At stake, of course, is the pride of securing a tournament championship banner, but there's more than Big Ten bragging rights up for grabs. This game can impact NCAA tournament positioning for Michigan.

  • The Gophers (26-8-1) are No. 1 in the PairWise Ratings, the computer formula that the NCAA uses to fill its tournament field and that is constantly updating after games are completed. No. 2 Quinnipiac lost 2-1 to Colgate in double overtime in the ECAC semifinals, and that result secured the No. 1 overall seed for Minnesota, regardless of the Gophers' result Saturday.
  • Michigan, No. 4 in the PairWise, has a slight chance to move up No. 3 with a win because No. 3 Denver lost 1-0 to Colorado College in the NCHC semifinals. According to College Hockey News' PairWise Probability Matrix, the Wolverines (23-11-3) have a 9% chance to be the No. 3 seed, a 66% chance to be the No. 4 seed and a 24% chance to fall out of the top four. The tournament field will be announced at 5:30 p.m. Sunday on ESPNU.
  • While players and coaches will point to team success as being paramount, the matchup features plenty of star power. The Gophers have 14 NHL draft picks on their roster, while Michigan has 12. Two Gophers, Big Ten Player of the Year Knies and No. 3 overall draft pick Logan Cooley, are among the final 10 candidates for the Hobey Baker Award. So is Michigan forward Adam Fantilli, the Big Ten Freshman of the Year who leads the nation in scoring with 60 points (27 goals, 33 assists) and is expected to be the No. 2 overall pick in the 2023 NHL draft.

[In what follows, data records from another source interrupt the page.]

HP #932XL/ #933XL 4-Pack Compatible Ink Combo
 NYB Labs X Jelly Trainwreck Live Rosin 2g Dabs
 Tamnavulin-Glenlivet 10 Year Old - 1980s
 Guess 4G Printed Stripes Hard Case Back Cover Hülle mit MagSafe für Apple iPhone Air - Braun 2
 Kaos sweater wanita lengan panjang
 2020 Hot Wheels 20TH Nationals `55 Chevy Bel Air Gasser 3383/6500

Fantilli, 6-2 and 195 pounds, has seven goals and three assists in Big Ten tournament play.

"He's just so darned talented,'' Motzko said. "We've got a couple of those guys, too.''

One of those is Knies, and he tipped his hat to Fantilli.

"He has a good motor; he doesn't stop moving his feet,'' Knies said. "He's a big player who uses his size to his advantage. Obviously skilled. So, he's kind of a whole package when it comes to a hockey player.''

Michigan likes to push the pace, as evidenced by its 20 goals scored in three Big Ten tournament games. The Gophers would like to limit the Wolverines' chances on the rush.

"They look like Michigan,'' Motzko said. "Last week, they jump out to a 3-0 lead [in the semifinal against Ohio State]. We've been seeing that for decades. They have an enormous amount of talent and play a great north-south game.''

The Gophers and Wolverines share the national lead at 4.11 goals per game. Minnesota has been stingier defensively, allowing 2.23 goals per game, while Michigan gives up 3.19. The Gophers have put up 18 goals in four games against goalie Erik Portillo.

"Side to side, he doesn't move too fast if you get the puck across the crease,'' Knies said. "We've got to get it on net. Taking shots from every angle — that's what he's given up to us and other teams.''

While seeking the Big Ten tournament title to go along with their regular-season crown, the Gophers stress the small details that can lead to postseason success.